As the clampdown on public Jewish music performances tightened as the War approached, many talented and a few famous Jewish musicians would come to Micha's family home and play for gatherings in the evening. This exposure sparked a deep appreciation in Micha for classical music. After the war had come and gone Jewish people here and there began to reappear. Some went to Israel, some to America, but many stayed and day by day began to recreate their shattered lives. It was at this time Micha realized that almost all of those people who had come to their prewar home to play and to listen had perished. Entire families had disappeared. Micha understood that he had not just been a witness to but was a participant in this unimaginable tragedy. How could things return to way they had been?

Around this time Micha's parents were concerned about his academic performance. He was not doing well at school at all. They enlisted the help of a psychiatrist and were told by him that the war had damaged Micha's intellectual and emotional capacity beyond help and that it was likely he would never amount to much. The parents promptly dismissed this professional assessment as quackery and set about raising Micha normally.

Around this time the benefits of music began to take shape in Micha's life. Music started to become both the refuge for and the expression of Micha-the-young-man. Soon to be followed by the joy of reading, learning, travelling, friends and family life and a normal healthy social boy.

This appreciation for the preciousness of learning through the vehicles of books and music remained with Micha his whole life and found expression in his personal and professional lives.

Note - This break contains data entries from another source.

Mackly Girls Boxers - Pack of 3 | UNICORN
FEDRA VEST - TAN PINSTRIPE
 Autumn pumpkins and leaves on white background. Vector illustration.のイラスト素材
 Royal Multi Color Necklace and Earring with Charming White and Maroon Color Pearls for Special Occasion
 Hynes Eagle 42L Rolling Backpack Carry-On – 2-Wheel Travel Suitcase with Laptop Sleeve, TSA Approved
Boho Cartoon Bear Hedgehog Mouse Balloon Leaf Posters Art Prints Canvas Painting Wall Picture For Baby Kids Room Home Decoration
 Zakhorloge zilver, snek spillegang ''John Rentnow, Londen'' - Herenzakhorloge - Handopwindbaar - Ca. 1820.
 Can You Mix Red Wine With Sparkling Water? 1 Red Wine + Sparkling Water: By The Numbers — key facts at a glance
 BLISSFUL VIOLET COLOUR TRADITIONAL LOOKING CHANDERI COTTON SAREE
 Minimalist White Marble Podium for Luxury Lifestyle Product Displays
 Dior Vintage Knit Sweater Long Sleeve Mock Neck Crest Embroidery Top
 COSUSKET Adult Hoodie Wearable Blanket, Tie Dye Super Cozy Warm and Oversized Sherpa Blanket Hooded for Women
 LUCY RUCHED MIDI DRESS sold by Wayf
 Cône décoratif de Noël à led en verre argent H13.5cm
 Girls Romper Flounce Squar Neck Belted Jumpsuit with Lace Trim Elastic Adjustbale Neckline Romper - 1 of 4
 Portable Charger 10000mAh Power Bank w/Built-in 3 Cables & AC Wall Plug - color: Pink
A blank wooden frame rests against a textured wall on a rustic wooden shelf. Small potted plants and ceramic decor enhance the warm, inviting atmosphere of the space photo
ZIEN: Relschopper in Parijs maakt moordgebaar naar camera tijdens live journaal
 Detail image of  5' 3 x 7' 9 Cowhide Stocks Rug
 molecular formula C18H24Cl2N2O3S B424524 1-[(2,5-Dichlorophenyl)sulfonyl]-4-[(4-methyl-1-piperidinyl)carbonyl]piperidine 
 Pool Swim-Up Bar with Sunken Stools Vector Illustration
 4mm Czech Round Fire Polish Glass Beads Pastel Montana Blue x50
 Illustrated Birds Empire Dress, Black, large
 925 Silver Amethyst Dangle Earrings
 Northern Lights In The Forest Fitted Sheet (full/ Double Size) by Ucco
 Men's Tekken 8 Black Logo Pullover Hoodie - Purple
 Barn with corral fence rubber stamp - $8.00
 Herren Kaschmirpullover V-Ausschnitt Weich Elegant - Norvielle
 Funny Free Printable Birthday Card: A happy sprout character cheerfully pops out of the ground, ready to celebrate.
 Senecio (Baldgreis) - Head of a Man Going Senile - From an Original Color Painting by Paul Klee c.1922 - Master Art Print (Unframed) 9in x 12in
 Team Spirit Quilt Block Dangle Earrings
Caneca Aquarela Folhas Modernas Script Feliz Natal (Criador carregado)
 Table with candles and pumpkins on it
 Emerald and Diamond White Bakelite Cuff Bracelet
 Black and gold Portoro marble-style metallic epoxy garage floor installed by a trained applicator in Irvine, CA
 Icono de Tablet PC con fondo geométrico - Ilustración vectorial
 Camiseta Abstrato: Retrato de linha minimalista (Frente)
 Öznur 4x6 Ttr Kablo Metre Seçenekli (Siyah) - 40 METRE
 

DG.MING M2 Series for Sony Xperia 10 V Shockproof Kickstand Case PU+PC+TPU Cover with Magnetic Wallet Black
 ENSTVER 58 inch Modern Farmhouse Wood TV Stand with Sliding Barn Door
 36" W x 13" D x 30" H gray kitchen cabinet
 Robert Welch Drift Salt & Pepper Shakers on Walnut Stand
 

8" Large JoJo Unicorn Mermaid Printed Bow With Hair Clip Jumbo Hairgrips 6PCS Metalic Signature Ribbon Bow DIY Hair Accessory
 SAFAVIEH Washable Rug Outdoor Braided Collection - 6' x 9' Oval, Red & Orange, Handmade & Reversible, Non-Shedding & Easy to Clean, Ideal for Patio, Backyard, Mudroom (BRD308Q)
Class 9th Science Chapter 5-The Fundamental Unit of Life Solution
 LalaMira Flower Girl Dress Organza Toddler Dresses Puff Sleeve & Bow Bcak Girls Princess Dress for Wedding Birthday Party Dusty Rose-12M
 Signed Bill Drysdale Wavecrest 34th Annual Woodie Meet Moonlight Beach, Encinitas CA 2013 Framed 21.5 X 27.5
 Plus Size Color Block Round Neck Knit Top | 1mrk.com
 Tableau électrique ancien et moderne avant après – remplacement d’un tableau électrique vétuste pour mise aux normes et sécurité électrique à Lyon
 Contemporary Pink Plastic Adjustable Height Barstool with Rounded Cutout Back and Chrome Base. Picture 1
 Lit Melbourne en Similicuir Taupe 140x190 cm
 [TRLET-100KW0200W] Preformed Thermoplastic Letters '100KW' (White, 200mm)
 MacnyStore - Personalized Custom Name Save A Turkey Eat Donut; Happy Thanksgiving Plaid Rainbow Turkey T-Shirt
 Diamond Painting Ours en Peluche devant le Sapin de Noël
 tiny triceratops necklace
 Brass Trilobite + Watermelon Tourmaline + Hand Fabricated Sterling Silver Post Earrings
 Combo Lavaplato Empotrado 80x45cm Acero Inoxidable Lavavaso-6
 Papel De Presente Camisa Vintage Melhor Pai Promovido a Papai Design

During high school Micha studied the violin. His teacher was so impressed he came to the family home one evening to implore his parents to convince Micha to dedicate his life to mastering the violin. Again his parents did not force Micha into a mold. Micha himself understood that whilst he loved the violin he also loved to read and have fun and even to compose and conduct and that he did not have the single-minded dedication that he would need to be able to master any single instrument.

Micha did continue his musical education at the Amsterdam Conservatory but focused instead on the bassoon, music theory and conducting. Through the study of these subjects Micha was able to combine his natural love of learning over a wide range of topics along with his love of music.

An early student of Micha's in a New York summer camp in 1962, Ziggy, says that even then at age 27 Micha was an accomplished conductor, composer and musician. He shared his love for learning and performing with everyone and in doing so inspired everyone to be better than they thought they could be; and was able to bring everyone together for stellar orchestral performances.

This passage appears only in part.